There are many sayings current in Pittsburg which are peculiar possessions of families and are never heard outside. I heard a woman who is closely tied down by the cares of a large and growing family say one day, "Oh, my! I wish I was in God's pocket." When questioned, she said it was a family legacy and that both her mother and grandmother had used it. She said she had never heard it outside of the family and was not sure of its exact meaning, but she used it in the sense that to be in God's pocket would imply His special care and protection.
There are many that are distinctly racial and also many that seem to be the common property of all races, but have been given a special local twist. Here are some very expressive sayings in general use by the Job's comforter type of friend when a man has gone into a bad business venture or foolish undertaking. Their racial origin would be hard to trace, but the vigor of expression has an Anglo-Saxon sound: "He puts a rope to the eye of a needle;" "He is washing the crow;" "He is looking for wool on an ass;" "He fans with a feather;" "He is roasting snow in the oven" (the latter was used in reference to a man who had sold his house and lot in order to buy an automobile); "He is teaching iron to swim;" "He is building a bridge across the ocean."

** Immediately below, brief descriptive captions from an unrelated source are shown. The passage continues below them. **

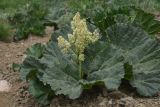 View full-size image Rheum ribes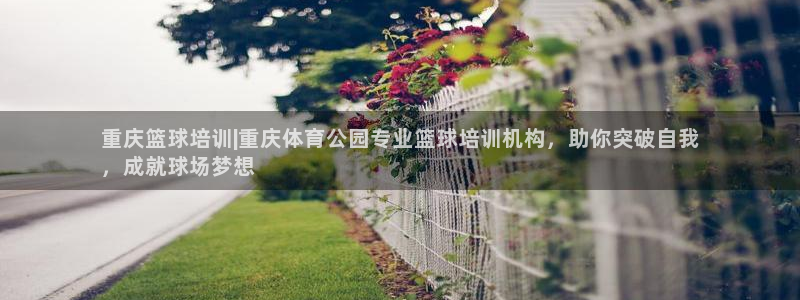欧陆娱乐共创美好时刻：重庆篮球培训|重庆体育公园专业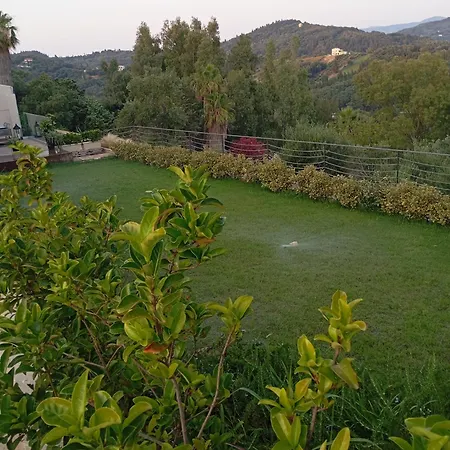 Pleiades - Summertime Stars * Afión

The following are distinctly Hebrew in origin: "While the dust is on your feet sell what you have bought" is the expert advice of a race of merchants. "It is a bad sign when the cat and the weasel get married," means that it can only bode wrong to the innocent when evil men become warm friends.
Taken all in all the wisdom of Pittsburg in the shape of proverbs, whether locally born or inherited or acquired from imported Americans gives women some most awful "slams." Next come tailors and lawyers in the order named. The long list that is inimical to the tailors culminates in the saying common to most of the world as well as Pittsburg that a tailor is only one-ninth of a man. About lawyers the following are in use: "A good lawyer an evil neighbor;" "A wise lawyer never goes to law himself;" "In a thousand pounds of law there is not an ounce of love."

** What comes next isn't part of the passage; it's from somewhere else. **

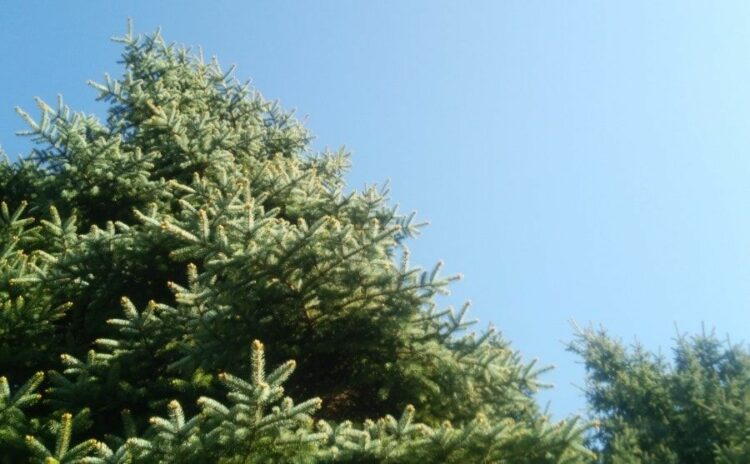 もみの木の剪定を解説！剪定時期と手順・業者に依頼する際のポイント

Now it is strange that these classes should be singled out for so much proverbial mud slinging. If you are a woman and think this over carefully I am sure that you will be ready to agree that this is the only real explanation. That men have been much slower than women to yield to the restraining influences of civilization. That lawyers and tailors and women are all representatives of restraining influences, hence the animosity that lingers still in our familiar proverbs--made by men. Any woman who has spent a tearful hour and exhausted persuasion and diplomacy trying to get a man to take a bath and a shave, don his evening clothes and accompany her to a swell function, has no doubt left in her mind that if women were removed from the world, masculinity in a body would make a bonfire of all their glad rags and maybe the tailors too, and rapidly revert to the prehistoric type of cave-man who wore one single abbreviated garment. So doubtless he would also dispense with law and lawyers and settle all disputes with his big club.
And as for women no wonder she heads his black list when it comes to proverbs. Does she not aid and abet both the lawyer and the tailor? Jointly with the lawyer she is responsible for great sums squandered in alimony and is she not the one really to blame for the disquieting tailors' bills as well as those from the milliner and dressmaker?